Two days later, 95 after the photo was shot, 138 after the Japanese hipsters bought the pants, 168 after the RVCA ad came out, 189 after Knost's soul was captured in a digital frame, 193 after he first found inspiration, and 9,318 after the Thrasher Magazine he found inspiration in first hit news stands, during a layover in the Neruda airport, a kid from LA, on his way to Thailand for a family vacation, flips through the Popey Magazine at one of the kiosks. Woe, dude, wait – what the fuck?! Some dude in Tokyo is wearing the exact same pants his buddy at school has been, and in the exact same way. What he doesn’t know is his buddy was at the thrift store off Sunset when Knost bought the pants.
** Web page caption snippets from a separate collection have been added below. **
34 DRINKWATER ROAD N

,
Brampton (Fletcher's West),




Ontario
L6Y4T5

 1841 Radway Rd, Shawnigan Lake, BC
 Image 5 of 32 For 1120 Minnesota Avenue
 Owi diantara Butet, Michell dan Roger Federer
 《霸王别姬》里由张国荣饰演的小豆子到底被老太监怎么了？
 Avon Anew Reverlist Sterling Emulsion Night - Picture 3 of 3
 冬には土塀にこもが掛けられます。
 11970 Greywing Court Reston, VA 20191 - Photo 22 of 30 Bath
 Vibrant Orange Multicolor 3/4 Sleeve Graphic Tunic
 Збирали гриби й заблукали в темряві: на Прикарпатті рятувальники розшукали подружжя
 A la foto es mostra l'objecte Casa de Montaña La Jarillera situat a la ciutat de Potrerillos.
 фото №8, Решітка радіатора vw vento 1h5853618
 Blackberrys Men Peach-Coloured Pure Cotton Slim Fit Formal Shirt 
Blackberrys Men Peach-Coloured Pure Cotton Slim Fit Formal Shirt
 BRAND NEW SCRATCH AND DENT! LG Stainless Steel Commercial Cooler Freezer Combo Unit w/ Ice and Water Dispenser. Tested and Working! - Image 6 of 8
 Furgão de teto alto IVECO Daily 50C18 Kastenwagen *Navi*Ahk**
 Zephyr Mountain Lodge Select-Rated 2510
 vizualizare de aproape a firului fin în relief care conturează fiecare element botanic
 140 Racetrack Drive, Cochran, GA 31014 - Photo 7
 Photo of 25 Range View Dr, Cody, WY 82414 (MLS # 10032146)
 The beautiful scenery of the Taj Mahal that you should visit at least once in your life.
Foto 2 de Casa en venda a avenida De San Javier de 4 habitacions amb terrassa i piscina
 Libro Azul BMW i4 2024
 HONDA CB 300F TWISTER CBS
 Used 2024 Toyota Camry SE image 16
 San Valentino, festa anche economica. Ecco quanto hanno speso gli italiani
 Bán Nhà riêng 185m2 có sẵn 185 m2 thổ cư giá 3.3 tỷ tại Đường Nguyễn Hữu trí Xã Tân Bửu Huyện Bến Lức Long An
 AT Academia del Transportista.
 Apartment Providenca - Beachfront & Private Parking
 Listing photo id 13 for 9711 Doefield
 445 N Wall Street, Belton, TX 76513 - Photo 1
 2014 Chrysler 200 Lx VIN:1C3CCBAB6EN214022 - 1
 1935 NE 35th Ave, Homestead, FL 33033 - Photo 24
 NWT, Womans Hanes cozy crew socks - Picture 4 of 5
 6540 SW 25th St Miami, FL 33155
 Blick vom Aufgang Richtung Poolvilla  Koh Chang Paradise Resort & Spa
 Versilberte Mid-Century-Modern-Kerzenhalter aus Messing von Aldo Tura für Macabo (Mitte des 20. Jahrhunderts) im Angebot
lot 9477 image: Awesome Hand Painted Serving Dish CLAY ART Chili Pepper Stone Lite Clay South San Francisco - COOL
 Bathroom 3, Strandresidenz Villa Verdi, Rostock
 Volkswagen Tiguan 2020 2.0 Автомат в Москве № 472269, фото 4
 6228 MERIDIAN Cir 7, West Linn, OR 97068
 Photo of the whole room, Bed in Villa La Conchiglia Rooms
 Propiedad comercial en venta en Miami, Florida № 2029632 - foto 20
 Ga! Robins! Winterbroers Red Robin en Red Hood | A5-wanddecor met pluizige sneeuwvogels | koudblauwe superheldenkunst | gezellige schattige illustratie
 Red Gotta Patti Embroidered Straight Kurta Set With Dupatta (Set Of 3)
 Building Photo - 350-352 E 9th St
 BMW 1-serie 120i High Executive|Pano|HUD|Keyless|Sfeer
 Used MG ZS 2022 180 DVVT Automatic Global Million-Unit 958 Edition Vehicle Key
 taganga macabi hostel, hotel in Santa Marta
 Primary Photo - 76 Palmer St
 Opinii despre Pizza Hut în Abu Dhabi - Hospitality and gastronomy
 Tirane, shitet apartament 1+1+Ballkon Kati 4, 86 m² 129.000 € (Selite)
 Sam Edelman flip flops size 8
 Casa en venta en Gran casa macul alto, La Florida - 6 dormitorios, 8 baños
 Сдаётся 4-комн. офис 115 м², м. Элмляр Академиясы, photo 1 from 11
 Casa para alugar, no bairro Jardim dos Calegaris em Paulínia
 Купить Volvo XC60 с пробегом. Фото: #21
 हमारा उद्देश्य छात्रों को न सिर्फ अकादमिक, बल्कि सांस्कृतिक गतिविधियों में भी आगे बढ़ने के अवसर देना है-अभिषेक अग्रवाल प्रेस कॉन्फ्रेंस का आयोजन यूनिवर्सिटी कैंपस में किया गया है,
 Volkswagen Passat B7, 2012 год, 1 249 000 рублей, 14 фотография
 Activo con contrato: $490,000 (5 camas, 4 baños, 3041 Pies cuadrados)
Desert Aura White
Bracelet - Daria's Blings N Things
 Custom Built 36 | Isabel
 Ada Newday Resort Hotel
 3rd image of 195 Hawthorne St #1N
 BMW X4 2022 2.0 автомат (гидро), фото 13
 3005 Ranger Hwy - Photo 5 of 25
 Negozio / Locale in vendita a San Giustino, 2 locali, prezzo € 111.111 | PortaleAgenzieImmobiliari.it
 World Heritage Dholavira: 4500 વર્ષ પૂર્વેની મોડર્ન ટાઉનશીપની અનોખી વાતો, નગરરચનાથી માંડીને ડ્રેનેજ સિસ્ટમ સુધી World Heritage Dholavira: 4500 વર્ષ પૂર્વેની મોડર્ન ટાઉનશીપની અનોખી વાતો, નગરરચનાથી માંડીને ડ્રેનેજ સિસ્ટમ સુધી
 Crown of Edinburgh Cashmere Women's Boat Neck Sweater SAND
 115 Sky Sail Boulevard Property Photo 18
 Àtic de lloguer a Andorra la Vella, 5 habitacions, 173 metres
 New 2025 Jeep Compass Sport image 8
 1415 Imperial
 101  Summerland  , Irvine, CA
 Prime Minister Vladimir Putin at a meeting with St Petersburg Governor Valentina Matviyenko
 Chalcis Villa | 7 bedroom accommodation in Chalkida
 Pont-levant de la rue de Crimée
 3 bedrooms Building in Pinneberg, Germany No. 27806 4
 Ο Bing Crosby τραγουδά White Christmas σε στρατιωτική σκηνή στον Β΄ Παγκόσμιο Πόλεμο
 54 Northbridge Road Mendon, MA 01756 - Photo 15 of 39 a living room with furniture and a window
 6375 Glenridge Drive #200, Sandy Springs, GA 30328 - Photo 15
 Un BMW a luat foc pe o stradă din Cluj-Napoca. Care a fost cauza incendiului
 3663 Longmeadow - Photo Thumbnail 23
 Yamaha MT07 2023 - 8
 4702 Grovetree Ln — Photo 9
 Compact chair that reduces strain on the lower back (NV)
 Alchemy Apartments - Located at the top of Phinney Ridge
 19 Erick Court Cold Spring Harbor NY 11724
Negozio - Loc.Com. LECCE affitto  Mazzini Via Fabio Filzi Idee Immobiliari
Pretending to look at jean jackets, his buddy was actually staring at Knost in semi-awe – as a skater and surfer, for him this low-level celebrity sighting meant more than the Kardashian he didn't know he saw two doors down – and also trying to figure out if Knost was as stoned as he was or if he was just, like, projecting. While trying to play it cool despite his bloodshot eyes bugging under his shades, privalaged-LA kid's buddy watched Knost buy the pants. He then purchased similar ones a week later. Dude's been wearing them for months, even though his buddies, including the very kid in the Neruda airport at the time, think they’re lame. He never told any of them the inspiration. And just like that – Boom! – privalaged-LA kid has a revelation in Neruda: his buddy's not some lame-ass looser, but rather a fabulously multifaceted fashionista fabricating polyphonic flair.

Then LA

Nevertheless, privileged-LA kid who gets flashes of fashion acuity in Neruda doesn’t get his own pants until months later (thanks to the 2% spandex, his skinny black jeans fit fine), after he spends a weekend in south Orange County for a cousin’s birthday and notices all the surfer kids down there are wearing the same damn pants. They surf San O and figure, subconsciously of course, that maybe if they dress like Knost, they’ll start to surf like him. Airport kid’s a couple of months behind (hundreds of kids between SF and San Diego, and of course all over NYC and Brooklyn, are wearing them by now), but he’s still light years ahead of Tulsa. 

Finally Paris

Three months pass. And, then, during Paris Fashion Week, most of the male attendees are wearing similar pants at one point or another — entirely unaware they come from a Thrasher Magazine that hit news stands 9,409 days before. Those who aren't wearing them quickly purchase a pair Gucci comes out with the next week; at $749.99 a pair, they’re a steal. H&M comes out with an affordable, though chintzy, option two months later, sewed by child laborers in Malaysia who, while working, pray – to Allah, Jesus, the Buddha, or whoever will hear their goddam cries – that the factory doesn't catch fire, and that if it does, someone actually remembers to unlock the door holding them in. 

Three years later, the pants become cool in Tulsa, but mostly just with Juggalos and ravers. Which is interesting because the Juggalo that started the Tulsa trend actually found inspiration for them not from the now hopelessly passé Paris Fashion Week three years prior but from a Thrasher Magazine he found laying around his uncle's house that hit stands 10,564 days before. 

Redux

It will be ~15 years before they hit Paris Fashion Week again — thanks to a yet-unknown hip-hop artist in Queens who finds inspiration while stoned and looking through a Popey magazine that some privalaged-LA kid found in a Neruda airport 5,456 days prior.